Ainda no meio desse caminho, é comum que quem era acusado seja inocentado, pois novas provas colhidas tiram a pessoa da cena do crime. Somente no mês de agosto, a Defensoria Pública de Alagoas, por meio de um dos seus três defensores criminais – Eraldo Silveira – absolveu 11 pessoas ao longo dos processos. E isso só é possível porque há o que chamam de “devido processo legal”. O que não é oportunizado nos linchamentos.
“A gente percebe, num primeiro momento, de que a ideia de impunidade permanece. É uma legitimação do discurso de que a pessoa pode linchar outra por uma suposta legítima defesa. Ainda falta uma política pública para impedir que seja difundida essa ideia de que linchar é um ato benéfico à sociedade. Não é, de fato. Na verdade, o linchamento gera mais violência e de forma descontrolada, além de deslegitimar o Estado de sua atuação, que é quem detém o poder de punir.
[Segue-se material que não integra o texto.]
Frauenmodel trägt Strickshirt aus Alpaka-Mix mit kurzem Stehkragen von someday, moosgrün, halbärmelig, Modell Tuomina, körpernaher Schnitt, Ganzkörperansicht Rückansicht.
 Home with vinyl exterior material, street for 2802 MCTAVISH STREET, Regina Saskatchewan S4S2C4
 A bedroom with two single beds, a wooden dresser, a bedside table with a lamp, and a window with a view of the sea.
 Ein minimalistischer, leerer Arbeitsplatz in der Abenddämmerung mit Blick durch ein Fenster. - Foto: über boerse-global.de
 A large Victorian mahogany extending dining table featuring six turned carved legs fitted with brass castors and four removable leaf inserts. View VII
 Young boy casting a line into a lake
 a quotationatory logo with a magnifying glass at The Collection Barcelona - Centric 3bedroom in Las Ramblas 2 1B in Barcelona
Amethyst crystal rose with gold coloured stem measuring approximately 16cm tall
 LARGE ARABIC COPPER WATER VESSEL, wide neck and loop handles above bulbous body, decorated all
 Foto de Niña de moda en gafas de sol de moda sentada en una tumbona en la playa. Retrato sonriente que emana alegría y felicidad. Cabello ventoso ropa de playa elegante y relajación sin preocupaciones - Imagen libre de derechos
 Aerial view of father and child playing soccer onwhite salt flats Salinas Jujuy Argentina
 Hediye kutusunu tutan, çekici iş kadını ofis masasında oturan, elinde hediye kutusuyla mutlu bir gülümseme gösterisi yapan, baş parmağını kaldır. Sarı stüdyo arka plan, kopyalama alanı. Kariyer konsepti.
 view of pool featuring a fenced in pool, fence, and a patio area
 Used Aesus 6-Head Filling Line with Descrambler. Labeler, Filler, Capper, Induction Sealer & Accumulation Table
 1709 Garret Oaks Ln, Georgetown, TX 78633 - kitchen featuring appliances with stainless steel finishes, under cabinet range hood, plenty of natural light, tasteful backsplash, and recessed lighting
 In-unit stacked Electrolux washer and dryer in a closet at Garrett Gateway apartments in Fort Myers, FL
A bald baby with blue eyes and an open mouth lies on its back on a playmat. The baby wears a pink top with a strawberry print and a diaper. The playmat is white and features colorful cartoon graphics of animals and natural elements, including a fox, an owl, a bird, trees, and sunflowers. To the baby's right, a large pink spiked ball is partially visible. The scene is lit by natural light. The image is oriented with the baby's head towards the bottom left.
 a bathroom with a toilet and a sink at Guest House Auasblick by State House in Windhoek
Se as pessoas começam a matar umas as outras, a gente entra na barbárie”, expõe o advogado criminalista Ronaldo Cardoso, que também é membro da Comissão de Defesa do Direitos Humanos e do Comitê Estadual de Combate e Prevenção à Tortura da OAB-AL.
Ele lembra um dos casos acompanhados pela Ordem. Uma família buscou a OAB para receber apoio, já que dois parentes foram severamente vitimados por um linchamento por serem confundidos com assaltantes. Um morreu. O outro ficou em estado vegetativo.
Para o criminalista, mesmo que a vítima de um linchamento tenha, de fato, cometido um crime, a Justiça com as próprias mãos não é o caminho adequado. “Foram dez vidas ceifadas sem sequer ter certeza que essas pessoas cometeram crime, e mesmo que tivessem cometido, não é a forma adequada de se resolver. Isso se fica na antiguidade, quando se existia o que se chama de vingança privada. Na verdade, o linchamento é o retorno a essa resolução de conflito lastreada na vingança privada”, afirma.
“A gente tem trabalhado para cobrar das autoridades que iniciem as investigações para entender qual foi a dinâmica do fato. Entender quem merece ser punido. A pessoa que comete linchamento também comete um crime. Então é dever das autoridades de investigar e denunciar essas pessoas pelos crimes cometidos, mesmo que a pretexto de uma suposta defesa da sociedade”, finaliza.